Task for the records below: repeat the line containing "San Servolo Wellness" and every line after it, exactly and with nothing else, but leave out the pictures.

*** Opening of Information shown ***

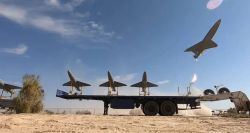 Moyen-Orient: nouvelles frappes contre des sites militaires et industriels 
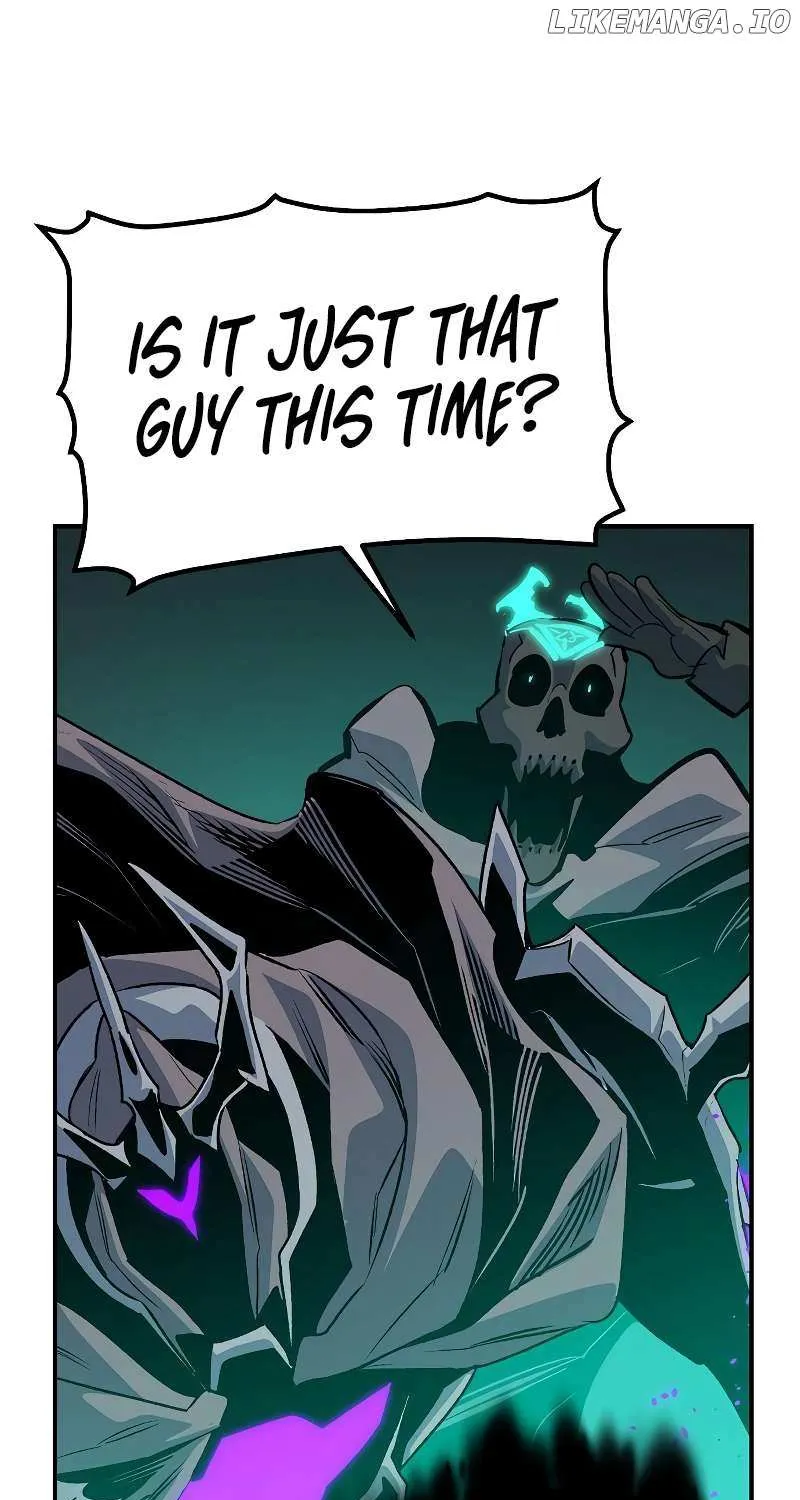 Read The Only Necromancer chapter 175 image 40 on Lezhin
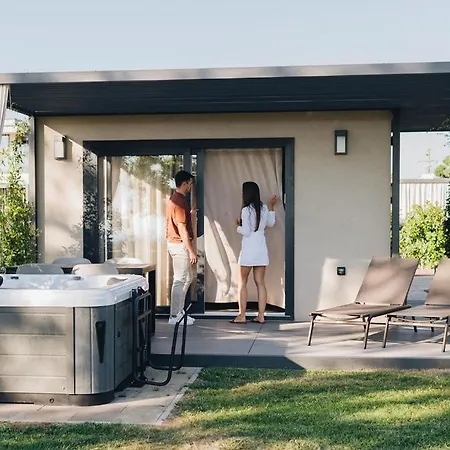 San Servolo Wellness - Adults Only Отель Буйе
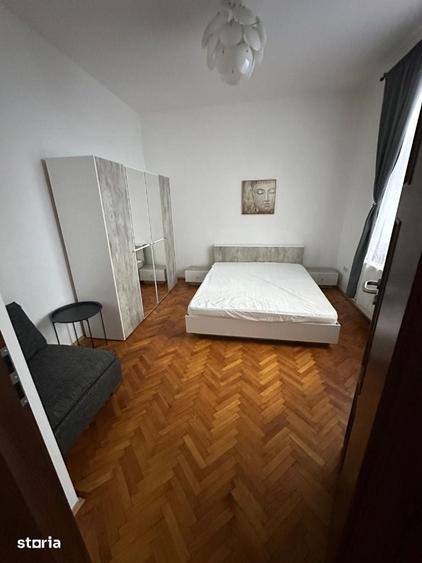 Apartament cu 2 camere în Moșilor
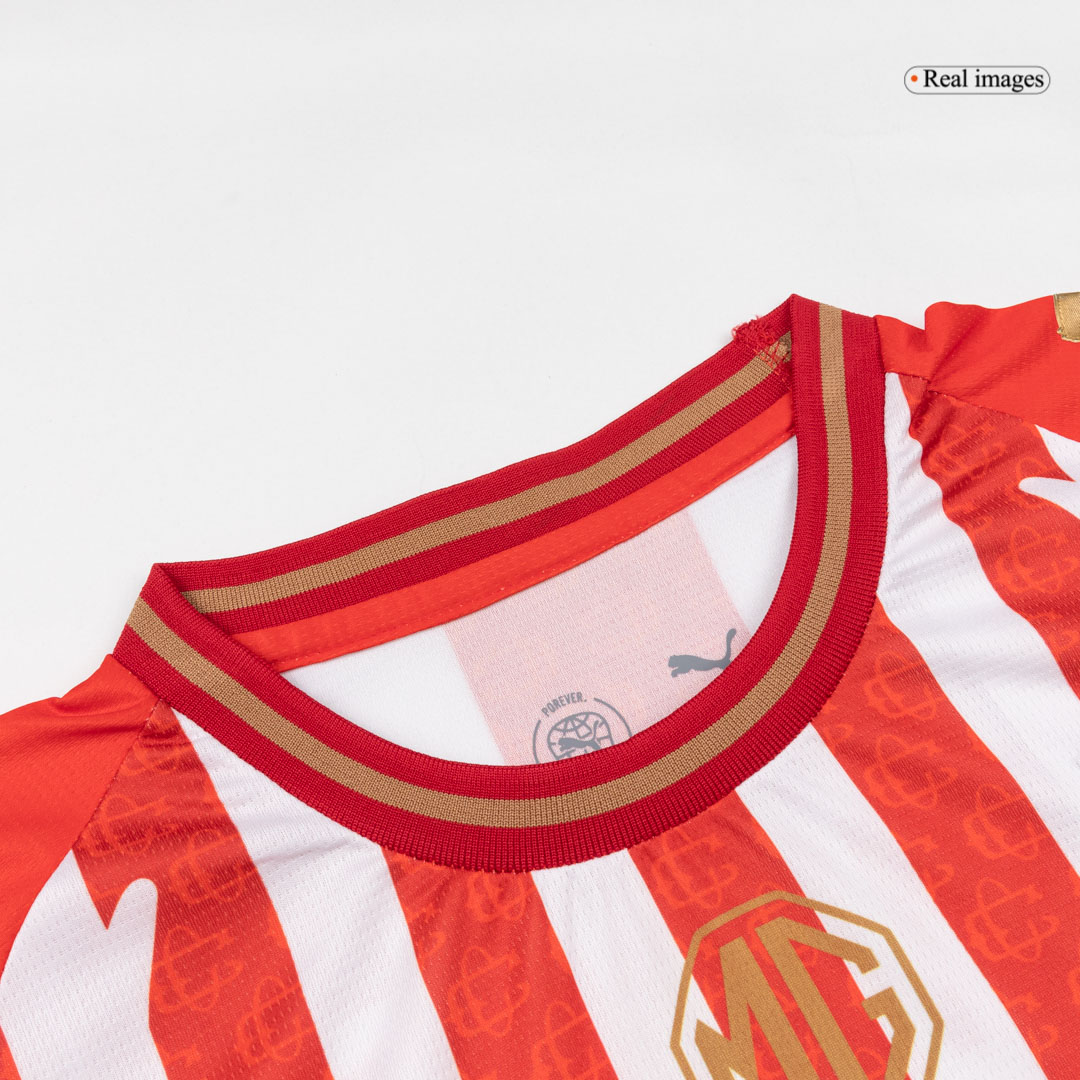 maillot Chivas 2026/27 domicile blanc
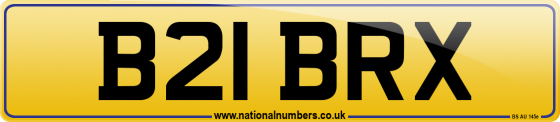 B21 BRX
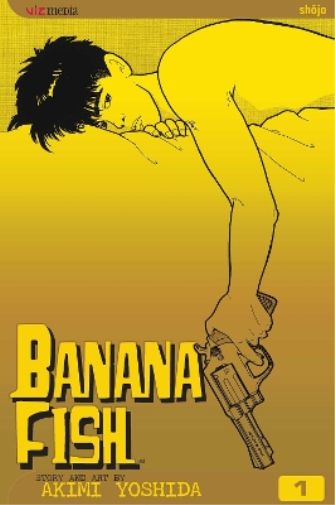 Akimi Yoshida Banana Fish, Vol. 1 (Tascabile) Banana Fish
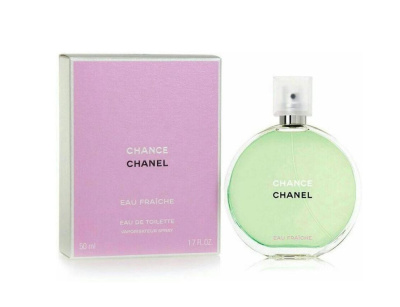 духи Chanel Chance Eau Fraiche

*** Close of Information shown ***

#### Task solution
 San Servolo Wellness - Adults Only Отель Буйе
 Apartament cu 2 camere în Moșilor
 maillot Chivas 2026/27 domicile blanc
 B21 BRX
 Akimi Yoshida Banana Fish, Vol. 1 (Tascabile) Banana Fish
 духи Chanel Chance Eau Fraiche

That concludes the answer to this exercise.